BEGIN The data
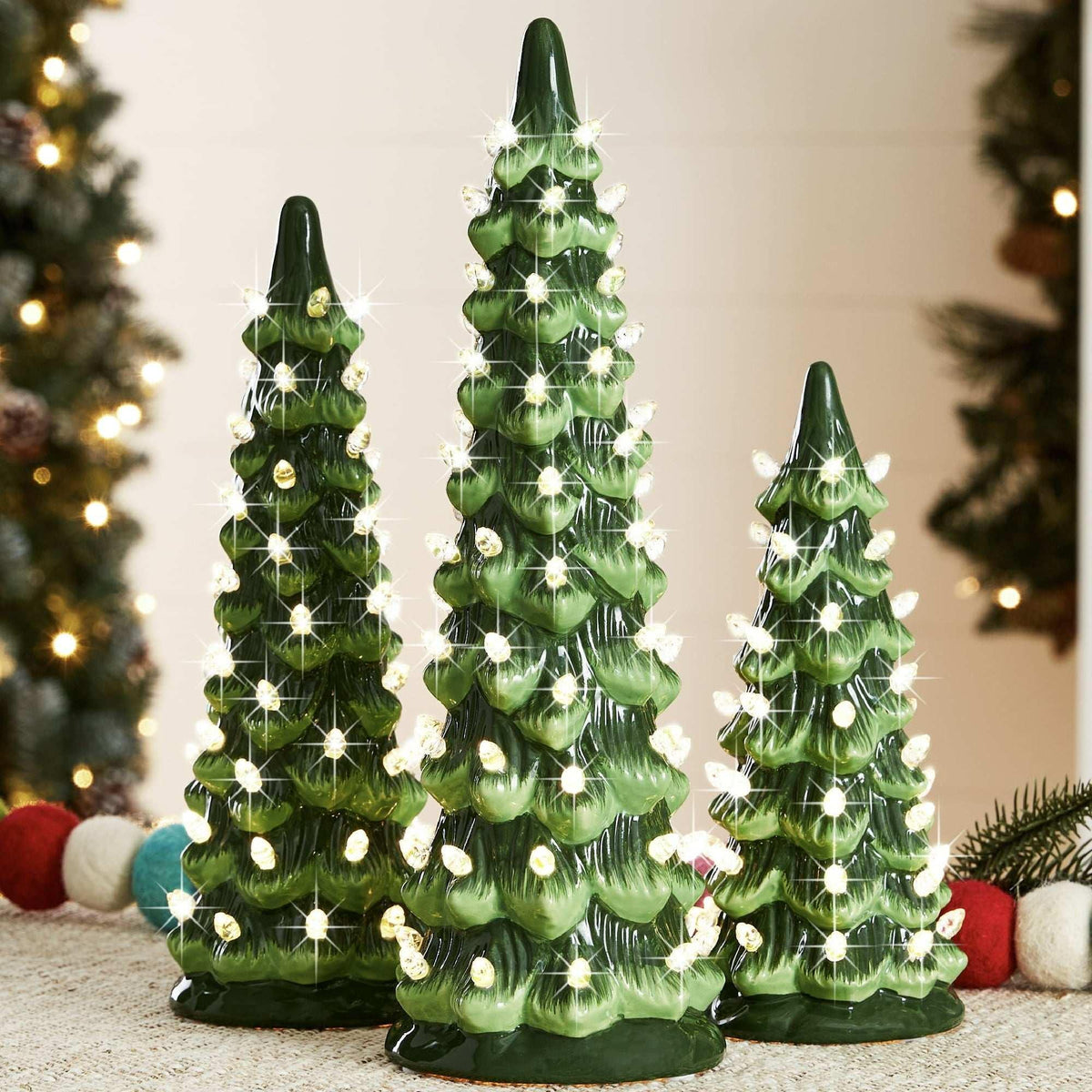 Best Choice Products Set of 3 Pre-Lit Hand-Painted Ceramic Tabletop Christmas Trees w/ Multicolor Lights - Flocked Green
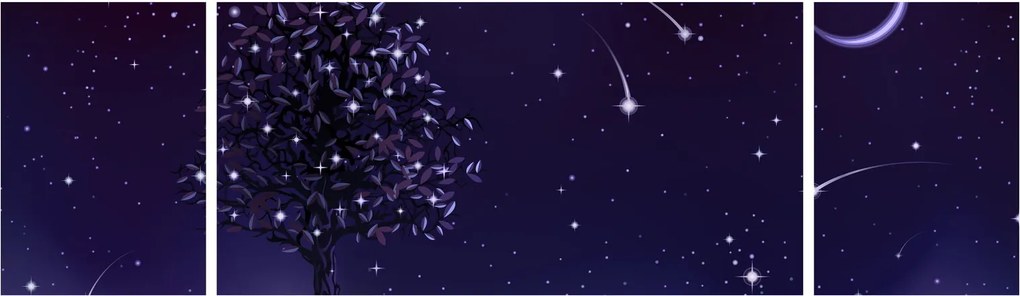 Obraz - Noc uchwycona przez ilustrację (170x50 cm)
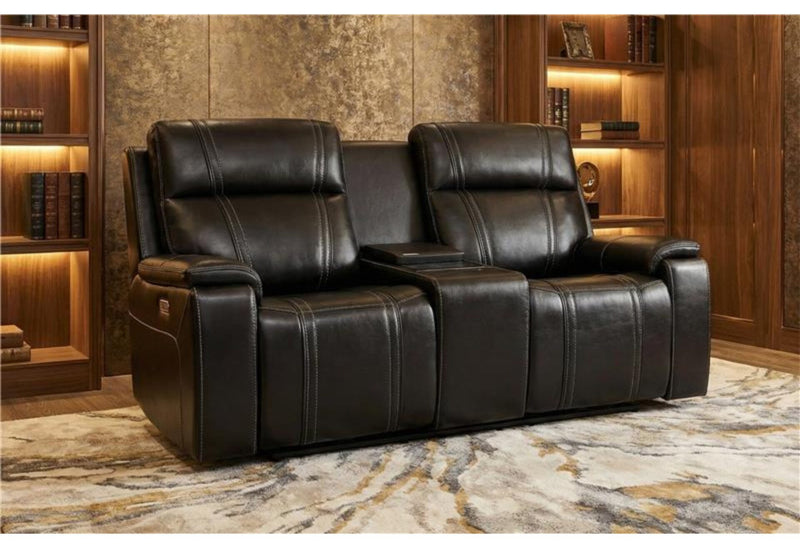 U8880 Black Leather Power Console Reclining Loveseat With Cooler - U8880-BLK LEATHER-PCRLS W/COOLER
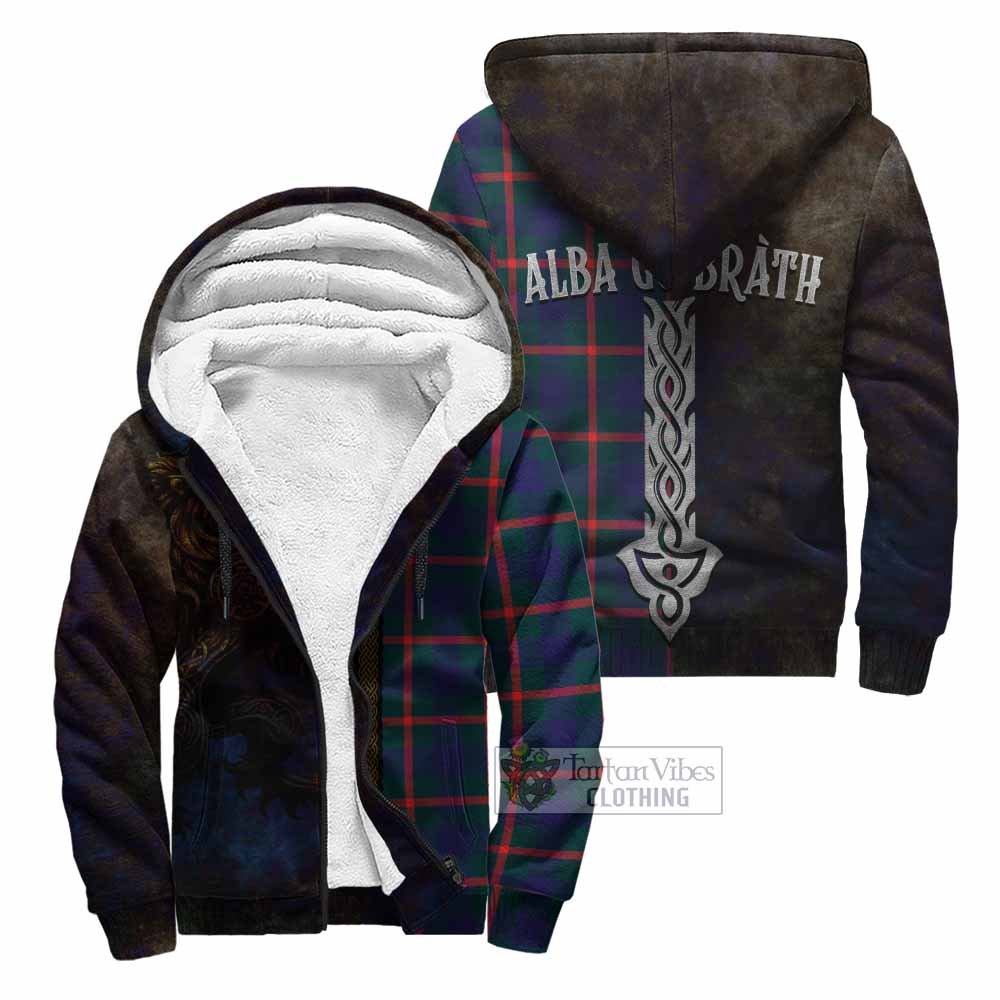 Tartan Vibes Clothing Agnew Tartan Family Crest Sherpa Hoodie Alba Gu Brath Be Brave Lion Ancient Style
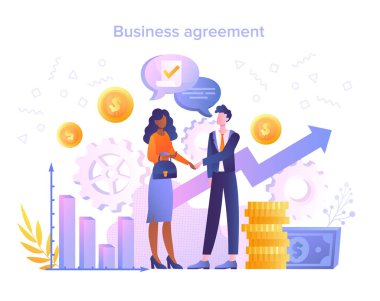 İş adamı ve iş kadını el sıkışıyor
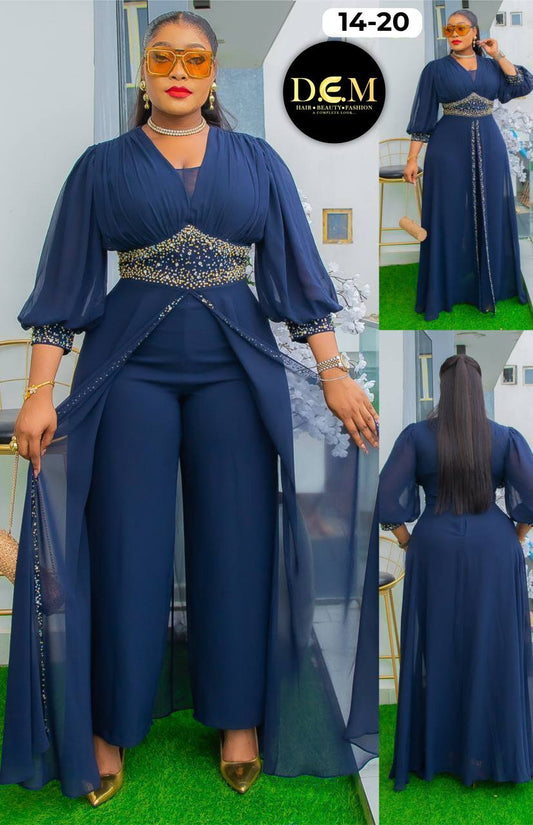 Navy Blue Flap Jumpsuit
END The data
*Directions:* Output exactly the lines from the line containing "Tartan Vibes Clothing" through the last line of the records, both included, and leave out every picture.

*Output for this task:*
 Tartan Vibes Clothing Agnew Tartan Family Crest Sherpa Hoodie Alba Gu Brath Be Brave Lion Ancient Style
 İş adamı ve iş kadını el sıkışıyor
 Navy Blue Flap Jumpsuit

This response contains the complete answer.